Já a vice-primeira-ministra da Ucrânia, Irina Vereschuk, recomenda não adotar essa cidadania. "Eles querem que os ucranianos se tornem russos ou deixem os territórios temporariamente ocupados. Primeiro, é impossível transformar ucranianos em russos. Passaporte forçado ou repressão não ajudará", declarou Vereschuk em seu canal no Telegram.
Segundo ela, no dia 1º de maio, o Ministério da Reintegração dos Territórios Ocupados da Ucrânia apelou ao lado russo e ao Comitê Internacional da Cruz Vermelha com a exigência de abertura de corredores humanitários para que os ucranianos pudessem se deslocar ao território controlada por Kiev.
Para o cientista político Ruslan Bortnik, é compreensível que, do ponto de vista da desocupação dessas regiões e da manutenção dos movimentos de resistência ucranianos nestes territórios, é desejável para a Ucrânia que "essa população pró-ucraniana permaneça lá".
"A Ucrânia não tem interesse que a população pró-Ucrânia seja expulsa destes territórios, porque isso pode enfraquecer as estruturas de inteligência ucraniana, as possibilidades de desocupação", argumenta.

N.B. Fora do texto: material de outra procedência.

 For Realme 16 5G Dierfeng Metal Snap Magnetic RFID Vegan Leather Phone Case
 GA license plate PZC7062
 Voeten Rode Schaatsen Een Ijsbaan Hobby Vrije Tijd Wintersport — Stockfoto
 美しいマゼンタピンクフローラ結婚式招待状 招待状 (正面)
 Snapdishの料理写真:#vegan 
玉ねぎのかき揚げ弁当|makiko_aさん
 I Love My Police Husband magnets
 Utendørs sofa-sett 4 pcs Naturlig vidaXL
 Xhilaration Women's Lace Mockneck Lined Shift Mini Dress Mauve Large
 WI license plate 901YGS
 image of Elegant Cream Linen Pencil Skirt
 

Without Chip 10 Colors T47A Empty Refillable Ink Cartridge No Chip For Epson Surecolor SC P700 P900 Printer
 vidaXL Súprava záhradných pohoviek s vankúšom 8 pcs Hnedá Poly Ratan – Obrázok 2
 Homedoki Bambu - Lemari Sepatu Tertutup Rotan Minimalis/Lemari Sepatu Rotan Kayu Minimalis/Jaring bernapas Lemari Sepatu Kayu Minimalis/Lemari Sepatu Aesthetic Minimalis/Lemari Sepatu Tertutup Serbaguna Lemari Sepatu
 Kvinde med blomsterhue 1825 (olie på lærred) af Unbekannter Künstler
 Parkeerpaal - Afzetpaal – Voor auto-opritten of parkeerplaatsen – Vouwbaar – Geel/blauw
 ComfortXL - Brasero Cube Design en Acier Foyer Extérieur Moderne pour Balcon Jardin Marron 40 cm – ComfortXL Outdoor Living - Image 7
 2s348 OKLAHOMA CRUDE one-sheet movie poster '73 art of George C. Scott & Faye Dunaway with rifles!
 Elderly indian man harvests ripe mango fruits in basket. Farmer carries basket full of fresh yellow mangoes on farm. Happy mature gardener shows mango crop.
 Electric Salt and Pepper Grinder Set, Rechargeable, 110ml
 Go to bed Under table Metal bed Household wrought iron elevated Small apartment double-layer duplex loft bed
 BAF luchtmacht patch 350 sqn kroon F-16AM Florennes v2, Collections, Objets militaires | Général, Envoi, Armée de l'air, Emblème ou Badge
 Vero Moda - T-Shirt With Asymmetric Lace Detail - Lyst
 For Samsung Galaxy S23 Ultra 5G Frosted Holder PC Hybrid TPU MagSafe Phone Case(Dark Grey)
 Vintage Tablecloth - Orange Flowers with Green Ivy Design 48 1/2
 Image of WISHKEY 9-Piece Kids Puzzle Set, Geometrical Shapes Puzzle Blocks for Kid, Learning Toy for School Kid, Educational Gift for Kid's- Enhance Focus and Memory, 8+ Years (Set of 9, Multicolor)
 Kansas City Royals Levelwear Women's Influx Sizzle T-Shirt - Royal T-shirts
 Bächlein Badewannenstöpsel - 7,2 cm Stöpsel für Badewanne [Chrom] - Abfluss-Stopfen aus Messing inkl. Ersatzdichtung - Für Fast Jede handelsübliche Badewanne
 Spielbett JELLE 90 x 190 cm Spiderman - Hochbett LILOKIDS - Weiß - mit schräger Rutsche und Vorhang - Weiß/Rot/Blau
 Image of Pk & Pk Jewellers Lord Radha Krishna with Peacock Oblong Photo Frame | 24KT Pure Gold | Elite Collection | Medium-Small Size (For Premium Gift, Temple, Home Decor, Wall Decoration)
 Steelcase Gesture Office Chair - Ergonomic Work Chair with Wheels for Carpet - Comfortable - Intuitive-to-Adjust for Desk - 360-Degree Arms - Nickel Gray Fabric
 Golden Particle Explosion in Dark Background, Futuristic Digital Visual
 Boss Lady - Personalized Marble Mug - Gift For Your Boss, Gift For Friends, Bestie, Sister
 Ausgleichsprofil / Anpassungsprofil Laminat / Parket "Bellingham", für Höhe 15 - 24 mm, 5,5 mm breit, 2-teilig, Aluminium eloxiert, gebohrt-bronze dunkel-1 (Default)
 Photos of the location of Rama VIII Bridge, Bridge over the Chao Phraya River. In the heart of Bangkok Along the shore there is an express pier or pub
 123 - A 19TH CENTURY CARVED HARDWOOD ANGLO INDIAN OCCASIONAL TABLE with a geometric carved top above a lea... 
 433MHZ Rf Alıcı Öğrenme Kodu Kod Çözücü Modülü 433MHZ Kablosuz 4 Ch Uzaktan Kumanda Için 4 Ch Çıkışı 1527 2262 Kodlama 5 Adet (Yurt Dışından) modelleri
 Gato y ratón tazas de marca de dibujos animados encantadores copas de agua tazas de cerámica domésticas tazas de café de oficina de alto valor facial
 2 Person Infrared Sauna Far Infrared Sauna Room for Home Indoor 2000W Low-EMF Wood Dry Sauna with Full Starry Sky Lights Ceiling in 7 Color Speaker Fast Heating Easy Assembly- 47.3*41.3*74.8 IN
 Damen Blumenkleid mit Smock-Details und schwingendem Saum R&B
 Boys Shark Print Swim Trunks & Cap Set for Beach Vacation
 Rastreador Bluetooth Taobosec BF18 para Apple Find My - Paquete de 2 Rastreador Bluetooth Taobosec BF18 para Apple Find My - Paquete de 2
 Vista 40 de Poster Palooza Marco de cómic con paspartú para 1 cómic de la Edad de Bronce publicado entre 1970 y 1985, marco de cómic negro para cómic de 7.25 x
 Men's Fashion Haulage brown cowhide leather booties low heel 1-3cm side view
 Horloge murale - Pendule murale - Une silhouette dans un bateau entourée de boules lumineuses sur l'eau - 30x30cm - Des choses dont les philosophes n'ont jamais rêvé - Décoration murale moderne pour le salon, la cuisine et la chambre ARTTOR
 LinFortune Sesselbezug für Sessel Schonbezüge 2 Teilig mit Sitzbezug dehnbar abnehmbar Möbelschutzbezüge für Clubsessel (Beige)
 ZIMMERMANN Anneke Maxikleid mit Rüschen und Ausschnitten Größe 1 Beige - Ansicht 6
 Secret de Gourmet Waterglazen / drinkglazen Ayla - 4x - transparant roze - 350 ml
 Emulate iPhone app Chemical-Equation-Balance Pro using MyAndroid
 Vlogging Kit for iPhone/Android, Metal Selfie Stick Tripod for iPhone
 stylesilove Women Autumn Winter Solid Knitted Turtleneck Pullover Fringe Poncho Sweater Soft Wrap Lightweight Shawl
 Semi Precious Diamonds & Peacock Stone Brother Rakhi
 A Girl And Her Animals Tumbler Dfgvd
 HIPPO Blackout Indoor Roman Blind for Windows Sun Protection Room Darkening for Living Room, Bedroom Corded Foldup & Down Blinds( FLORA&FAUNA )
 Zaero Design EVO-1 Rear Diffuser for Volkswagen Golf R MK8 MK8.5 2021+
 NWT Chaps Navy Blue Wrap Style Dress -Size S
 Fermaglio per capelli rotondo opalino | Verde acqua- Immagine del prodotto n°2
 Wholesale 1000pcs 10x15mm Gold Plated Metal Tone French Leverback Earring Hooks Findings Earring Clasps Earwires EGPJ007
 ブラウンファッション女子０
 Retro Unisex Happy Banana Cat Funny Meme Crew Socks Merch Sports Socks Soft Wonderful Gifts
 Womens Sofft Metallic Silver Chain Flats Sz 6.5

Por outro lado, o analista afirma que, do ponto vista público e político, a adoção em massa da cidadania russa terá um efeito retórico para o lado russo, já usado anteriormente na região de Donetsk e Lugansk a partir de 2014, de afirmar que estes territórios são habitados majoritariamente por russos. Vale notar que a principal justificativa para a intervenção russa na Ucrânia tem como base a ideia de defender sua população no espaço pós-soviético.
O que torna o imbróglio identitário e territorial no leste ucraniano ainda mais profundo é o fato de que a Rússia não possui controle total das regiões anexadas. Parte delas ainda são dominadas pelos militares ucranianos. Em particular, as Forças Armadas da Ucrânia retomaram o controle da cidade de Kherson em novembro de 2022.
Para Ruslan Bortnik, o processo de "passaportização" é mais um sinal de que "a Rússia só sairá desses territórios se ela for expulsa por meio da força, de que ela não pretende sair destes territórios voluntariamente". Dessa forma, o cientista político afirma que "a Rússia reprime o movimento de resistência e formula um argumento para futuras negociações políticas".
"Se a Rússia conseguir manter esses territórios por meio da força militar, de qualquer maneira no futuro haverá negociações entre a Ucrânia e a Rússia, ou entre Rússia e o Ocidente, em relação ao futuro da Rússia e da Ucrânia. Isso pode não acontecer rapidamente, pode ser daqui a muitos anos. Então, assim como na Crimeia, em Donetsk e Lugansk, a Rússia vai apelar com o fator da cidadania e questão étnica das populações desses territórios, como argumento sobre porque esses territórios devem ser mantidos e fixados à Rússia", completa.